- Born: Stephanie Denise Kightley 14 June 1993 (age 32) Canberra, Australian Capital Territory, Australia
- Occupation: Model;
- Years active: 2009–present
- Modeling information
- Height: 5 ft 8 in (1.73 m)
- Hair color: Currently brunette
- Eye color: Light hazel
- Agency: IMG Models (New York) Icon Management Australia
- Website: stefania.au

= Stefania Ferrario =

Australian model

Stefania Ferrario (born Stephanie Denise Kightley; 14 June 1993) is an Australian model and activist. She is known for various efforts to raise awareness on subjects including body positivity, animal cruelty, and veganism.

== Biography ==
Ferrario was born in Canberra, Australia to an Italian mother (astrophysicist Lilia Ferrario) and English father. She is currently the face of a lingerie line by Dita Von Teese for Australian department store Myer, and has previously worked with Gok Wan for Target (Australia) and other Australian brands such as Sportsgirl, City Chic, Bras N Things and Berlei, overseas she has worked for Italian stores Fiorella Rubino, Flow clothing in Malaysia and Swimsuits For All.

In 2012, Ferrario shaved her hair off to raise money and awareness for cancer, alopecia and trichotillomania. She then grabbed the attention of fashion photographer Peter Coulson who photographed Ferrario for his book In My Pants, a charitable publication to raise money and awareness for cancer and the Cancer Council (Australia).

In February 2015, Ferrario started a campaign with television presenter Ajay Rochester to end the use of the term "plus size" to describe models who are above a US dress size 4 by the modelling industry. Ferrario posted a picture with the caption "I am a model FULL STOP" with the hashtag "#droptheplus" which gained coverage in the media and was heavily discussed, with mixed, but mostly positive reactions, on social media and within the fashion industry.

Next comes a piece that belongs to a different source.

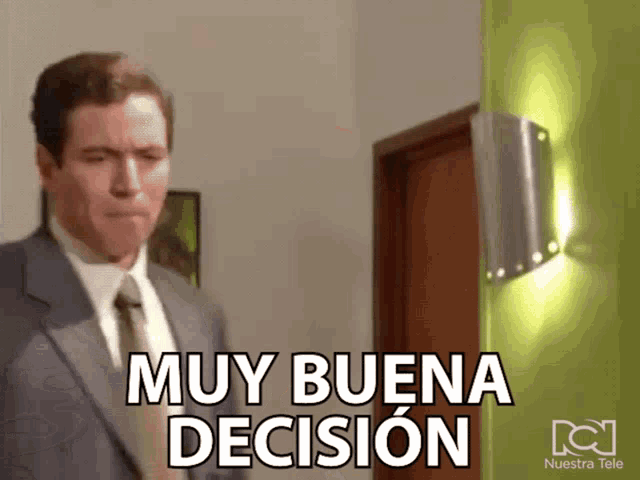 a man in a suit and tie says " muy buena decision "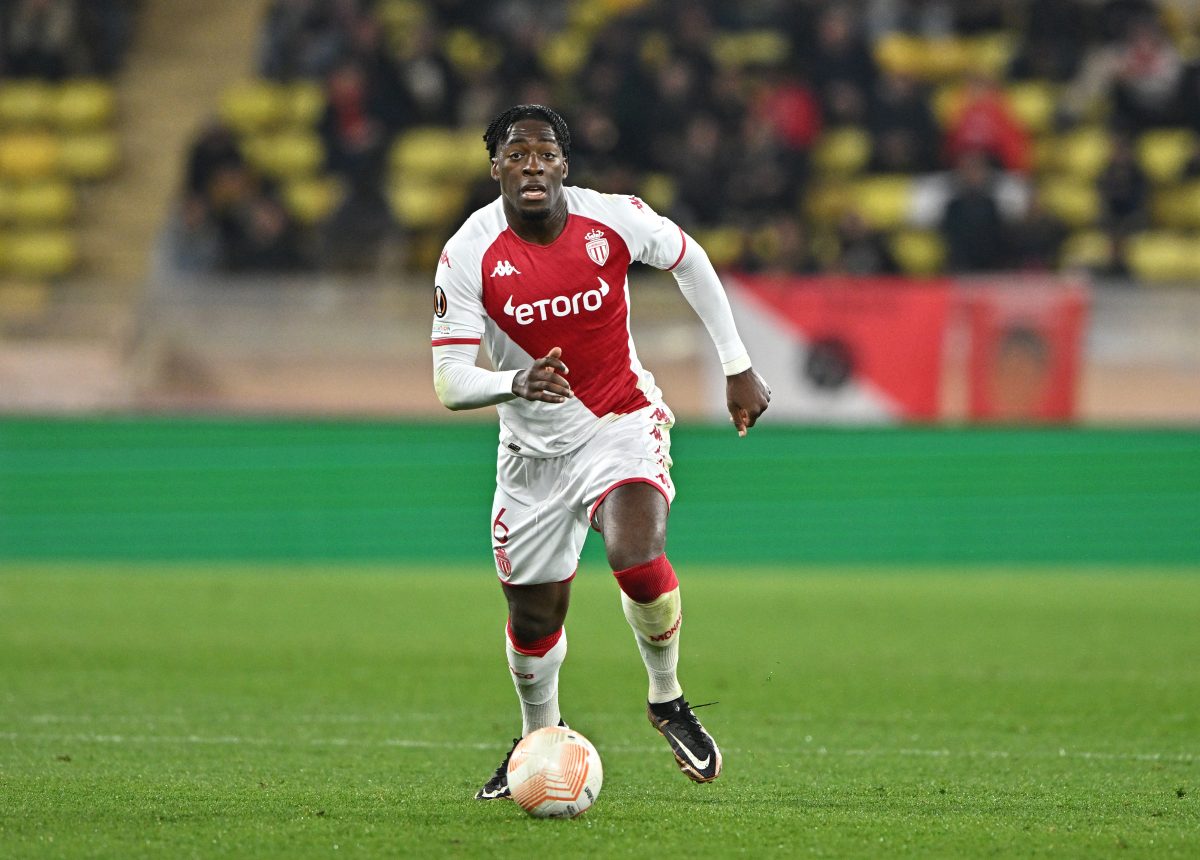 Manchester United hold 'positive' initial talks with AS Monaco defender Axel Disasi.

In 2017, Stefania was amongst the four faces of Melbourne Fashion Week.

In an interview with Fuse magazine, Ferrario stated that she is tri-lingual, speaking English, French, and Italian and identifies herself as bisexual.

Ferrario is a vegan and describes herself as an "animal-activist", telling another animal activist she had been vegan since 1 January 2020 and that she wishes she had done it sooner. She has a highlights section on her Instagram for all posts about vegan food and discussion.

Ferrario has pierced nipples and a rabbit called Bambi.

==Other honors==
Stefania Ferrario Wins ‘The PWI Most Beautiful Woman In The World’ Award 2020.